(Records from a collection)
*** Begin section ***

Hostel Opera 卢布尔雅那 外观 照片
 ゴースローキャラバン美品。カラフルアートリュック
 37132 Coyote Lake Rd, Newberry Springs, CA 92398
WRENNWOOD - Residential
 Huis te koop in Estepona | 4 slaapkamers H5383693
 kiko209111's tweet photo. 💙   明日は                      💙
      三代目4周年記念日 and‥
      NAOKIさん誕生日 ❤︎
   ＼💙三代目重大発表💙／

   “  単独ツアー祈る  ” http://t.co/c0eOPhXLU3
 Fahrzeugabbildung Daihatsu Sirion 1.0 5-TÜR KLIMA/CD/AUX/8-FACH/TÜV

*** End section ***

PROBLEM DETAILS
Retype the entries. Every line must match exactly.

YOUR RESPONSE
Hostel Opera 卢布尔雅那 外观 照片
 ゴースローキャラバン美品。カラフルアートリュック
 37132 Coyote Lake Rd, Newberry Springs, CA 92398
WRENNWOOD - Residential
 Huis te koop in Estepona | 4 slaapkamers H5383693
 kiko209111's tweet photo. 💙   明日は                      💙
      三代目4周年記念日 and‥
      NAOKIさん誕生日 ❤︎
   ＼💙三代目重大発表💙／

   “  単独ツアー祈る  ” http://t.co/c0eOPhXLU3
 Fahrzeugabbildung Daihatsu Sirion 1.0 5-TÜR KLIMA/CD/AUX/8-FACH/TÜV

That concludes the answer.